Acc Chem Res. 2015 May 19;48(5):1358-68. doi: 10.1021/acs.accounts.5b00009.
In an aerobic organism, reactive oxygen species (ROS) are an inevitable metabolic byproduct. Endogenously produced ROS have a significant role in physiological processes, but excess ROS can cause oxidative stress and can damage tissue. Cells possess elaborate mechanisms to regulate their internal redox status. The intracellular redox homeostasis plays an essential role in maintaining cellular function. However, moderate alterations in redox balance can accompany major transitions in a cell's life cycle. Because of the role of ROS in physiology and in pathology, researchers need new tools to study redox chemistry in biological systems.In recent years, researchers have made remarkable progress in developing new, highly sensitive and selective fluorescent probes that respond to redox changes, and in this Account we highlight related research, primarily from our own group. We present an overview of the design, photophysical properties, and fluorescence transduction mechanisms of reported molecules that probe redox changes. We have designed and synthesized a series of fluorescent probes for redox cycles in biological systems relying on the active center of glutathione peroxidase (GPx). We have also constructed probes based on the oxidation and reduction of hydroquinone and of 2,2,6,6-tetramethylpiperidinooxy (TEMPO). Most of these probes exhibit high sensitivity and good selectivity, absorb in the near-infrared, and respond rapidly. Such probes are useful for confocal fluorescence microscopy, a dynamic imaging technique that could allow researchers to observe biologically important ROS and antioxidants in real time. This technique and these probes provide potentially useful tools for exploring the generation, transport, physiological function, and pathogenic mechanisms of ROS and antioxidants.We also describe features that could improve the properties of redox-responsive fluorescent probes: greater photostability; rapid, dynamic, cyclic and ratiometric responses; and broader absorption in the near-IR region. In addition, fluorescent probes that include organochalcogens such as selenium and tellurium show promise for a new class of fluorescent redox probes that are both chemically stable and robustly reversible. However, further investigations of the chemical and fluorescence transduction mechanisms of selenium-based probes in response to ROS are needed.

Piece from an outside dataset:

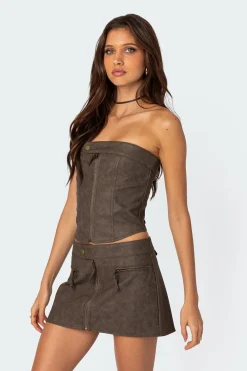 Ziva Faux Leather Lace Up Corset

在需氧生物中,活性氧(ROS)是一种不可避免的代谢副产物。内源性产生的 ROS 在生理过程中具有重要作用,但过量的 ROS 会导致氧化应激并损害组织。细胞具有精细的机制来调节其内部氧化还原状态。细胞内的氧化还原稳态对于维持细胞功能至关重要。然而,细胞生命周期中的重大转变可能伴随着氧化还原平衡的适度改变。由于 ROS 在生理学和病理学中的作用,研究人员需要新的工具来研究生物系统中的氧化还原化学。近年来,研究人员在开发新的、高度敏感和选择性的荧光探针以响应氧化还原变化方面取得了显著进展,在本综述中,我们重点介绍了相关研究,主要来自我们自己的小组。我们介绍了报道的用于生物系统氧化还原变化的分子的设计、光物理性质和荧光转导机制的概述。我们设计并合成了一系列基于谷胱甘肽过氧化物酶(GPx)活性中心的生物系统氧化还原循环的荧光探针。我们还构建了基于氢醌和 2,2,6,6-四甲基哌啶氧自由基(TEMPO)的氧化还原的探针。这些探针大多数具有高灵敏度和良好的选择性,在近红外光区吸收,并能快速响应。这些探针对于共聚焦荧光显微镜非常有用,共聚焦荧光显微镜是一种动态成像技术,可以让研究人员实时观察生物上重要的 ROS 和抗氧化剂。该技术和这些探针为探索 ROS 和抗氧化剂的产生、运输、生理功能和致病机制提供了潜在的有用工具。我们还描述了可以改善氧化还原响应荧光探针性能的特征:更高的光稳定性;快速、动态、循环和比率响应;以及在近红外区域更宽的吸收。此外,包含有机碲和硒等有机硫属元素的荧光探针有望成为一类新的化学稳定且具有强可逆性的荧光氧化还原探针。然而,需要进一步研究基于硒的探针在响应 ROS 时的化学和荧光转导机制。